The sun was out but it wasn’t that warm, and was clouding over as we photographed. The Argus’ own printed forecast for the day was “Cloudy becoming rainy”.
Yet what did we see? Well, certainly not a shortage of parked cars.
The place was full, whether we looked on Madeira Drive or Marine Parade above, with cars cruising up and down, searching for spaces and u-turning at Black Rock for another go.
When a space was vacated, it was filled within seconds and usually cars had to queue for the empty spaces.
This was happening all the way along Madeira Drive and above, on Marine Parade.
And if the Argus had found empty spaces at Wednesday lunchtime, using a careful camera angle, we didn’t find the same thing a few hours later the same afternoon, when our taxi tried to pull up near the Terraces Bar and Grill on Marine Parade but found the parking packed.

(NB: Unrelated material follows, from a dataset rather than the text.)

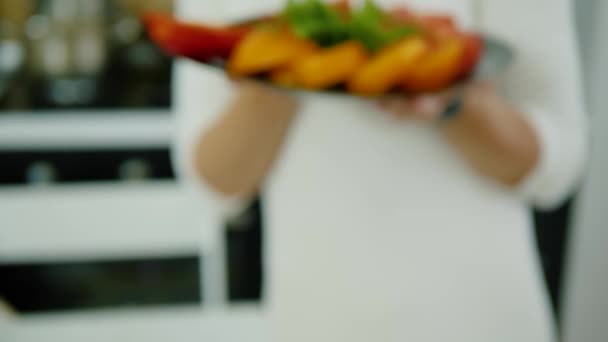 Las manos femeninas sostienen el plato de verduras en rodajas — Vídeos de Stock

A sad thing about using a few carefully timed photographs to make things seem worse than they really are is the potential damage done to the city. The Brighton & Hove Green administration, Brighton & Hove City Council and The Argus all want the same thing: a city of improving quality and economic prosperity.
But to bombard readers, day in and day out, with a negative message about the city’s attraction to visitors, and to manipulate content to prove that point, does nothing to help the city’s economy or the traders who rely on visitors and tourism.
To take photos of empty spaces at a time when they can be expected to be empty, and then to present them as proof of general emptiness, damages the city and insults the paper’s readers.
In fact, there is much evidence that visitors to the city are up.
Early reports from April’s Easter weekend shows visitor numbers up, and in May, the Argus itself reported that visitors to the Pavilion and museums were up by a whopping 17%. The Brighton Festival is having a record-breaking year, city centre restaurants were full over the weekend and on Saturday the seafront was remarkably busy, despite a poor forecast and it not yet being high season.
And, incidentally, even under the new parking scheme, half a day’s parking right by the pier (if you could get it) was £6. Fish, chips and diet coke for two in the same place was £13.30.
So we call on the Argus, please, to stop its negative campaigning: stop trying to run down our city and its hard-working businesses. Instead, why not work with the Greens, the Council and the tourist bodies to promote the great things Brighton & Hove offers?
Meanwhile, please, when it comes to “Park the charges” it’s time to copy Madeira Drive last weekend and Pack It In.